New numbers show Idaho’s unemployment rate hasn’t significantly improved in the last two years. The rate hasn’t been below 8 percent since August 2009. That means at least 60,000
Idahoans have been jobless since that time. Now, data from the Labor Department show while the number of people out of work hasn’t been as high as first thought, the rate hasn’t gone down much, either.
Explaining the Process
Calculating the state’s unemployment rate is a strange process. Each month, the U.S. Census Bureau talks with about 600 Idaho households to collect data on employment, salary and other demographic info. It’s called the Current Population Survey.
That information then goes to the Bureau of Labor Statistics and the Idaho Department of Labor for data analysts to estimate how many people in Idaho are out of work. Those monthly figures are always estimates and once a year the data gets a second look.
An analyst in Idaho works with the Bureau of Labor Statistics to smooth the monthly numbers, making them as accurate as possible. The monthly estimates collected over the course of the year get plugged into complicated algorithms and the end result is new, more accurate jobless data. This entire process is dubbed “benchmarking.”
Bob Uhlenkott is the chief researcher at the Idaho Department of Labor. He says most of the time, the benchmarking process flattens out the extremes. But this time around, the 2010 and 2011 data changed more drastically than Uhlenkott would have predicted.
For example, the department estimated Idaho’s unemployment rate peaked at 9.7 percent in December 2010, but the recently benchmarked data shows the jobless rate never hit 9 percent. The revised December 2010 jobless rate is actually 8.9 percent.

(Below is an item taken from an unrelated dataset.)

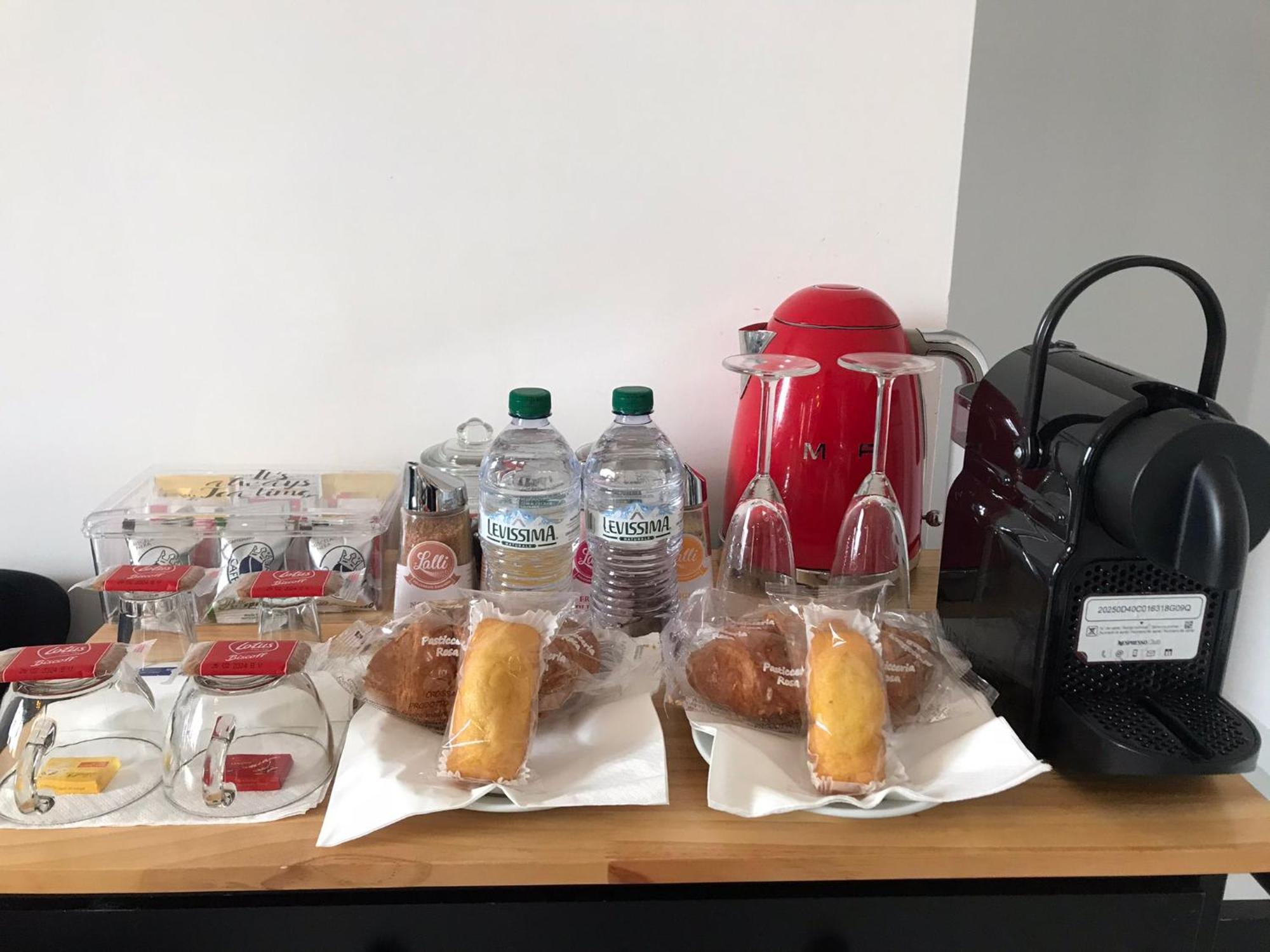 An Deluxe Suites 安科纳 客房 照片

Uhlenkott says the wide swing is likely due to updated Census population estimates. There are now more people living in Idaho, thus a larger workforce, and that data is just now catching up to unemployment collection methods.
Uhlenkott says revised data tells him a couple of things. There weren’t as many people out of work as we thought BUT, the jobless rate hasn’t really changed in the last two years, up or down. And stagnation can be just as scary.
We’ve been tracking Idaho’s unemployment rate over the last six months through our series Jobless in Idaho and our app Work in Progress. You’ll notice the data on the app will change toward the end of March when the state completes its benchmarking process.